Potential is there for Lewis Brinson and patience should follow
Miami Marlins rookie center fielder Lewis Brinson had a key sacrifice fly on Friday to help his team defeat the San Diego Padres 4-0. He was given Saturday off but appeared as a pinch hitter and reached base on an error in the ninth inning in a 5-4 loss. He had a couple fly outs on Sunday that were a few feet away from becoming home runs.
As part of a plan to further develop Brinson, the Marlins are giving him one day off per series as a way for him to work on cleaning up his swing and refining his approach.
“The day off is a day to be able to work, work, work without having the negativity of the game or the battle of the game where you’re just going to try to compete,” Mattingly said. “In those scenarios, a lot better chance of just going back to reacting and just going back to your old self and trying to survive.”

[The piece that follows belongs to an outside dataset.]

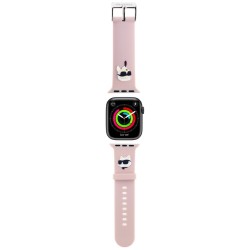Karl Lagerfeld 3D Rubber Karl&Choupette Heads strap for Apple Watch 38/40/41mm - pink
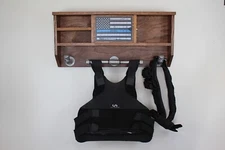 Wall Mounted Police Duty Gear Rack - Cop Caddy - Warrior Rack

Brinson was the centerpiece of the deal that sent outfielder Christian Yelich to the Milwaukee Brewers. He has been a consensus top-30 prospect in baseball over the last three years and was also the centerpiece in a trade that brought catcher Jonathan Lucroy from Milwaukee to the Texas Rangers in 2016. The potential is still there even if the patience isn’t.

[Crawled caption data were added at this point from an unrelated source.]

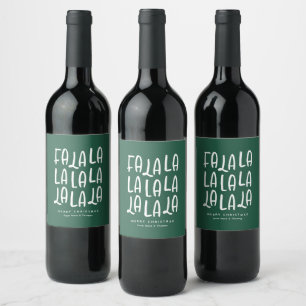 Étiquette Pour Bouteilles De Vin Vacances vert et blanc plaisir personnalisé vacanc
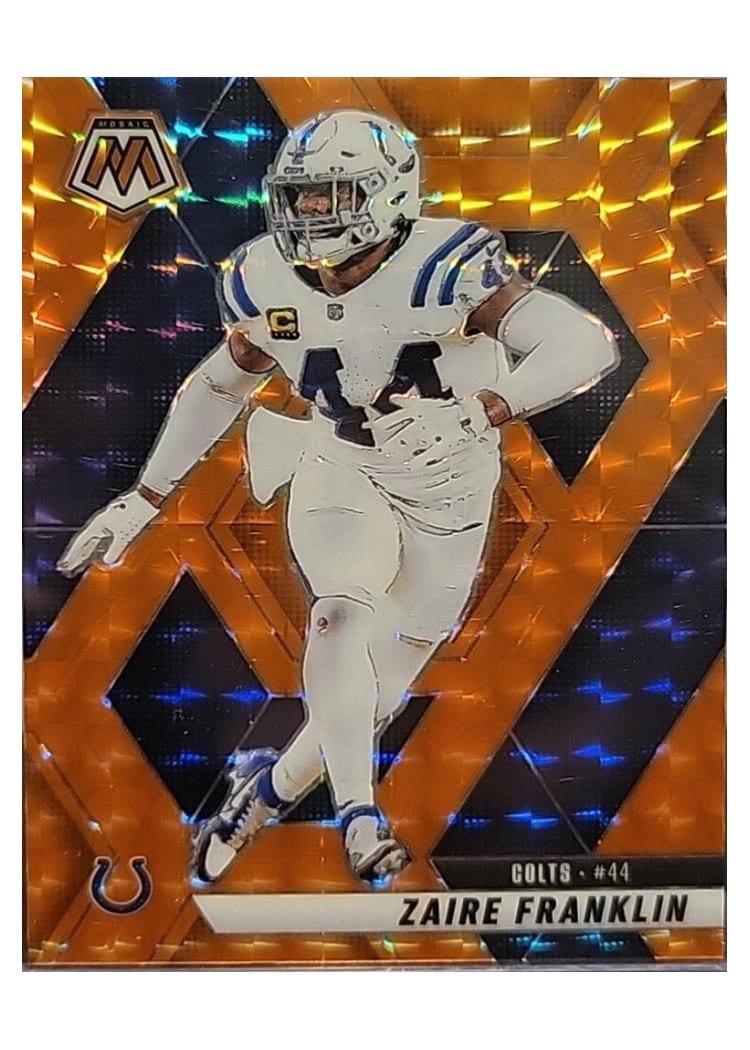 2025 Panini Mosaic Base Set Zaire Franklin #41 card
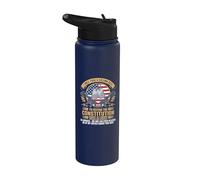 Una vez hice un juramento solemne para defender al veterano de la Constitución Stainless Steel Insulated Water Bottle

Despite hitting .163, Brinson is second among Marlins hitters in home runs with nine. That puts him on pace for 20 home runs, which combined with his defensive prowess makes him appear to be the next Jackie Bradley Jr. While the power might be a promising direction for Brinson, Mattingly emphasized the overall development.
“I think we need him to be a hitter first,” Mattingly said. “The power is going to be there. The better his swing gets, the better he gets an understanding of the strike zone, having an approach out there, the homers are going to be there as a byproduct.
“Think about that,” Mattingly said about the home runs. “That’s a moment here and a moment there over 200 at-bats. So we’re gonna need more consistency if we’re going to win.”
The Dan Le Batard Show, a popular ESPN Radio show based in Miami Beach, has started a campaign for Brinson to get voted into the MLB All-Star Game as a starting outfielder. While the bat might be cold for Brinson, the glove is hot, as he currently leads all major-league center fielders by committing five errors.
“He already is a great defender,” Mattingly said. “Our thing is developing the complete player. Stolen bases will be there for him. Home runs will be there for him. Extra base hits will be there for him. All that stuff’s there when you develop the whole player.”